I'm still forming some ideas in this post, but wanted to share some hacks for Trello and thoughts on leveraging user story maps. The punchline, is that with a Chrome browser extension, I can get Trello to give better insights into the short and long term outlooks of a project on a single page.

Background - User Story Mapping

One of my favorite techniques for breaking down large, complex problems, (particularly product devlopment problems), is to lean heavily on user story mapping. If we're being nit-picky about terms, I'm blending user story maps, service blue prints, and product breakdown structures together into one amalgamation, but the important part is that we use the narrative of the customer's experience to organize things.

The idea is that giant lists of features and giant lists of tasks can be overwhelming and hard to remember, but people are reasonably good at telling narrative stories, and it serves as a useful framework to structure thought and planning.

For example, think about a restaurant, and all the details that might go into it... of course we all think of the food, and the menu, but what about the plates, the silveware, the little stand that the maitre'd stores menus behind? It's overwhelming. But if you tell the narrative of the customer experience, it become a lot more cohesive.

The customer might hear about the restaurant from a friend or online review, book reservations, arrive, drop off their coats, wait to be seated, sit, order, wait, eat, pay, and leave. It's something that's easy to imagine and relate to. Each step along the way encapsulates a number of things that need to be designed, procured, managed, etc... This in turn, implies a certain amount of work for each thing.

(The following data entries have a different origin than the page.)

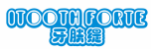 牙肤缇ITOOTHFORTE
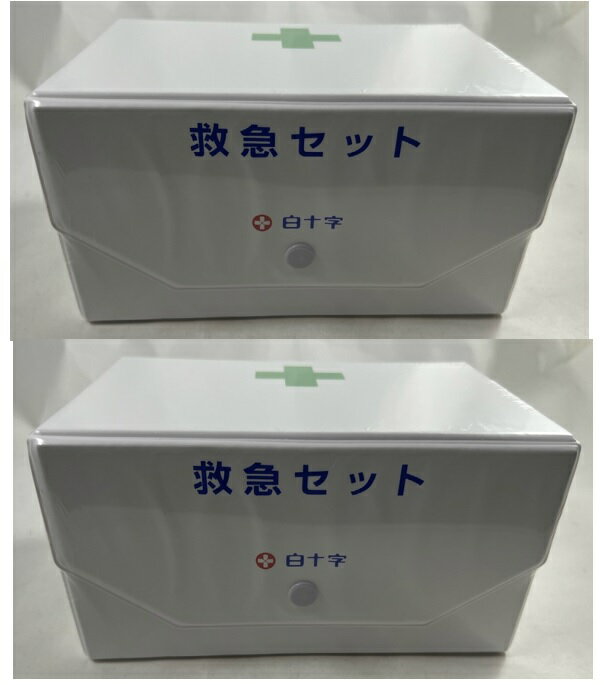 【×2箱セット送料込】白十字 救急セット BOX型　取っ手の付いた箱型ケース 救急セット 応急用具セット 災害防災 (4987603142305 )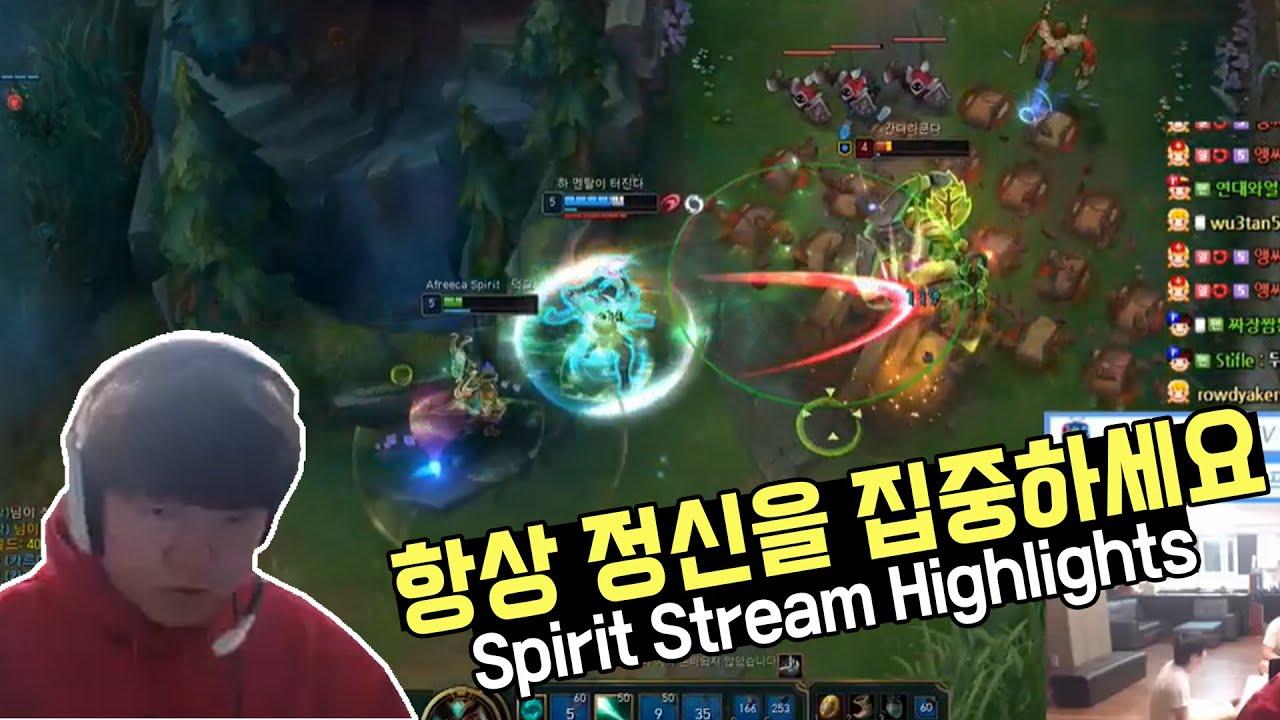 ENG CC) 항상 정신을 집중하세요🤫｜AF Spirit Stream Highlights thumbnail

If we're trying to take an agile approach, and deliver full working products with each iteration, we can improve each step of the user story map over time. This example is a little contrived, but the "book reservations" step of the restaurant journey could be done on pencil and paper to start quickly, then moved online to a 3rd party site at a later point in time, and if so desired, booking services can be directly integrated with the restaurant's website, in the most polished, final implementation.

Journey Map

The point is that by taking "slices" out of the story map, you can focus on delivering full experiences quickly and learning, prior to overbuilding a feature for a single step of the journey.

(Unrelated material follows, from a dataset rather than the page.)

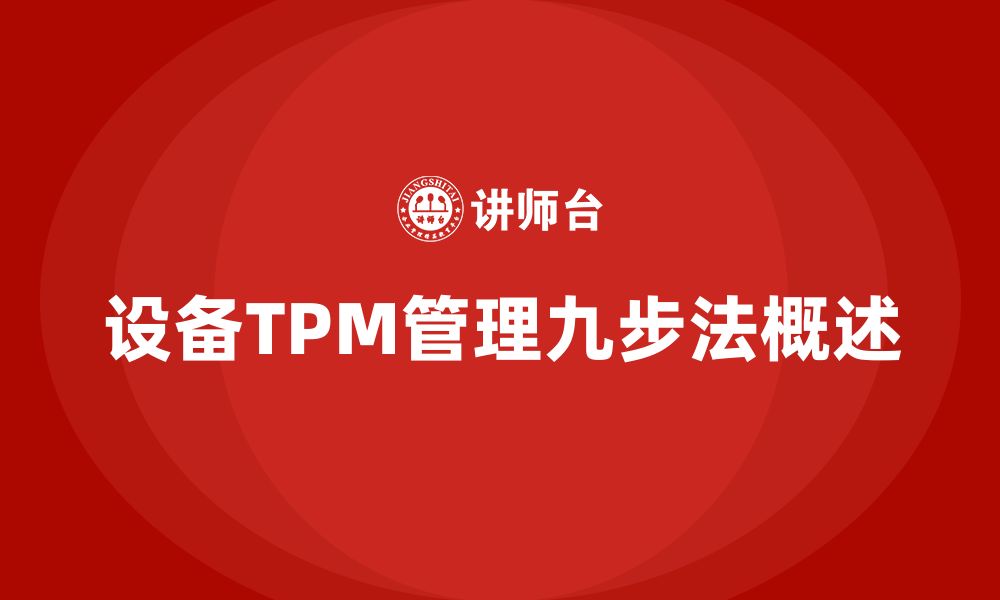 文章设备TPM管理九步法的缩略图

The Problem With Story Mapping Tools

While story maps are a fantastic tool for visualizing the big picture view of the work to be done, my problem is that they don't give a good view of what people are working on right now.

A minimal Kanban process might have simple lists with To Do, Doing, Done. This is great for showing what's in progress under "Doing", and the UI for moving cards from one column to the next is pretty fast and easy, but the To Do and Done lists might have very little context. A giant list of "To Do's" if often called a "flat backlog", and it's one of the problems that a story map is meant to address.

Flat Backlog

Unfortunately, most tools aren't set up combine both views at the same time. Switching between the macro views (the map) and the micro views (a Kanban board), often involves an integration between the mapping tool, and a project tool, like JIRA or Trello, or it takes a heck of a lot of clicking.

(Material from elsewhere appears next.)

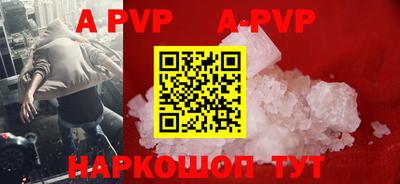 скорость mdpv Малгобек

I love the UI and ease of use of Trello, (I wrote about using Trello with physical paper here), and I wanted to see if I could make it work with a structured backlog to track the multiple workstreams I had at work.

Note: seeing the macro/micro views becomes trivial if we're moving physical sticky notes around on a board, but then you lose comment histories, the ability to do remote work, and a whole bunch of other features of the digital world. Enter the metaverse, I suppose.

Hacking Trello

My quick hack was to use a Chrome browser extension that creates what are called "swimlanes" for Trello. (The extension is approiately name Swimlanes for Trello.) It means that the board is divided into horizontal lanes, or sections.

I divided my board into two lanes. One section has the micro view of To Do / Doing / Done for the week, the other section has the macro view with the larger map.

Forest and Trees

Thoughts So Far

So far, at least for my hybrid paper/Trello system, I like it. I have about 8 or 9 distinct categories of work that that I'm involved with at my day job, and although they don't necessarily fit into a journey map structure, It gives me a nice view of everything I have going on (the big picture in macro), and a way to make it clear what I should be working no now (the micro).